The Prediction Errors?

When you train and test a model, you use data with values for the explanatory variables as well as the response variable.

If the model is good, when provided with the inputs from the testing data, the outputs from the function will give results “close” to the response variable in the testing data. Here is one question. How to measure “close”?

The first step is to subtract the function output from the actual response values in the testing data. The result is called the prediction error and there will be one such error for every case in the testing data. You then summarize that set of prediction errors.

The way to summarise the prediction erros is to calculate the mean of the square of the prediction errors. Since the errors are squared, none of them are negative. It means that the sum of errors reflects the magnitude and not the sign of the errors.

Step 1. Build Model

library(tidyverse)
## ── Attaching packages ────────────────────────────────── tidyverse 1.2.1 ──

## ✔ ggplot2 3.1.0     ✔ purrr   0.2.5
## ✔ tibble  1.4.2     ✔ dplyr   0.7.8
## ✔ tidyr   0.8.2     ✔ stringr 1.3.1
## ✔ readr   1.3.0     ✔ forcats 0.3.0

## ── Conflicts ───────────────────────────────────── tidyverse_conflicts() ──
## ✖ dplyr::filter() masks stats::filter()
## ✖ dplyr::lag()    masks stats::lag()
# Data Import 
Runners_100 <- read_csv("https://assets.datacamp.com/production/course_1585/datasets/Runners100.csv") %>% 
    select(-orig.id) %>% 
    sample_n(100)
## Parsed with column specification:
## cols(
##   age = col_double(),
##   net = col_double(),
##   gun = col_double(),
##   sex = col_character(),
##   year = col_double(),
##   previous = col_double(),
##   nruns = col_double(),
##   start_position = col_character(),
##   orig.id = col_double()
## )
# Data Overview
glimpse(Runners_100)
## Observations: 100
## Variables: 8
## $ age            <dbl> 45, 36, 33, 28, 33, 53, 30, 32, 27, 31, 24, 33,...
## $ net            <dbl> 88.52, 101.20, 113.10, 69.70, 99.67, 76.88, 81....
## $ gun            <dbl> 89.20, 103.40, 117.80, 70.17, 104.50, 77.85, 82...
## $ sex            <chr> "M", "F", "M", "M", "F", "M", "M", "F", "F", "F...
## $ year           <dbl> 2000, 2000, 2002, 2006, 2003, 2006, 2005, 2004,...
## $ previous       <dbl> 1, 1, 1, 2, 0, 0, 4, 2, 2, 1, 1, 2, 3, 1, 2, 1,...
## $ nruns          <dbl> 4, 9, 3, 4, 3, 3, 6, 3, 4, 3, 3, 4, 4, 7, 5, 3,...
## $ start_position <chr> "eager", "calm", "mellow", "eager", "mellow", "...
# Build a model of net running time
base_model <- lm(net ~ age + sex, data = Runners_100)

# Evaluate base_model on the training data
base_model_output <- predict(base_model, newdata = Runners_100)

# Build the augmented model
aug_model <- lm(net ~ age + sex + previous, data = Runners_100)

# Evaluate aug_model on the training data
aug_model_output <- predict(aug_model, newdata = Runners_100)

# How much do the model outputs differ?
mean((base_model_output - aug_model_output) ^ 2, na.rm = TRUE)
## [1] 0.5157921

As you can see the result, adding previous as an explanatory variable changes the model outputs.

Step 2. Prediction Performace

One point.
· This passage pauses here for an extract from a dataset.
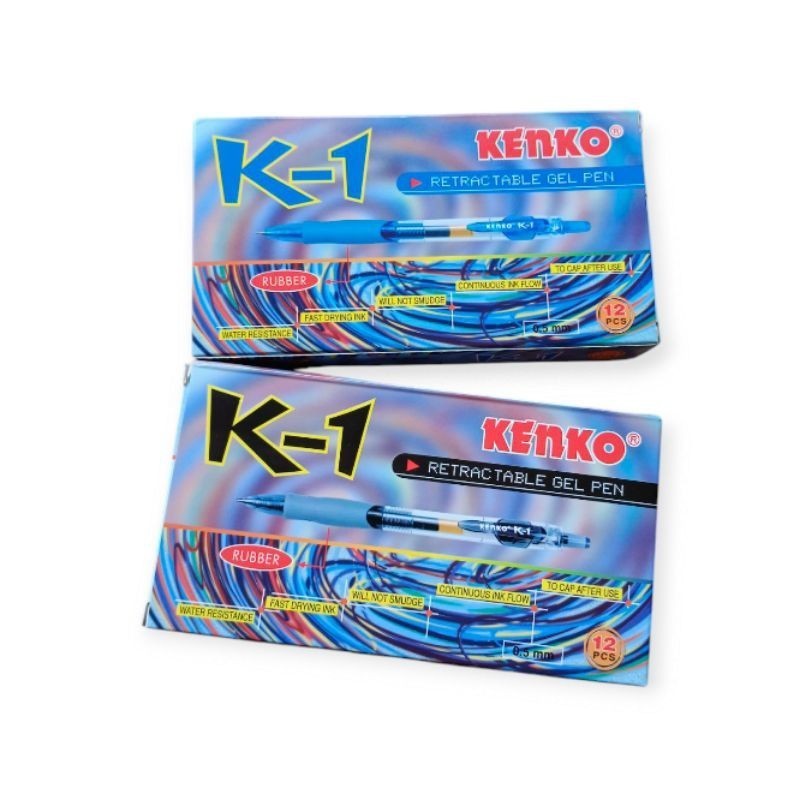 

KENKO K-1 RETRACTABLE GEL PEN K1 (1PAK/12PCS)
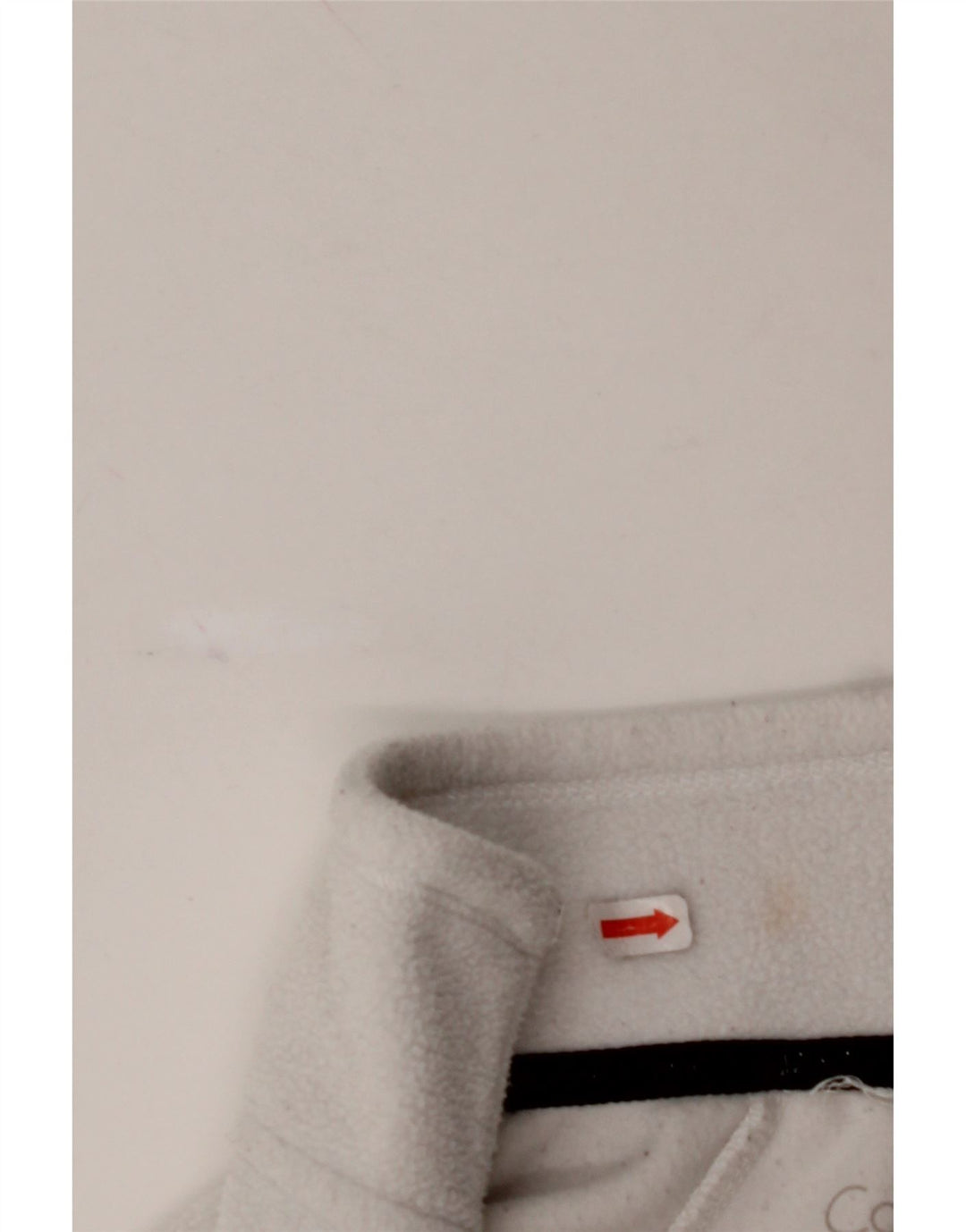 CALVIN KLEIN Womens Graphic Fleece Jumper UK 10 Small White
Knowing that the models make different predictions doesn’t tell you which model is better. In this exercise, you’ll compare the models’ predictions to the actual values of the response variable. The term prediction error or just error is often used, rather than difference. So, rather than speaking of the mean square difference, we’ll say mean square error.

# Build and evaluate the base model on Runners_100
base_model <- lm(net ~ age + sex, data = Runners_100)
base_model_output <- predict(base_model, newdata = Runners_100)

# Build and evaluate the augmented model on Runners_100
aug_model <- lm(net ~ age + sex + previous, data = Runners_100)
aug_model_output <- predict(aug_model, newdata = Runners_100)

# Find the case-by-case differences
base_model_differences <- with(Runners_100, net - base_model_output)
aug_model_differences <- with(Runners_100, net - aug_model_output)

# Calculate mean square errors
mean(base_model_differences ^ 2)
## [1] 131.5594
mean(aug_model_differences ^ 2)
## [1] 131.0436

The augmented model gives slightly better predictions. But, is it correct to compare two models?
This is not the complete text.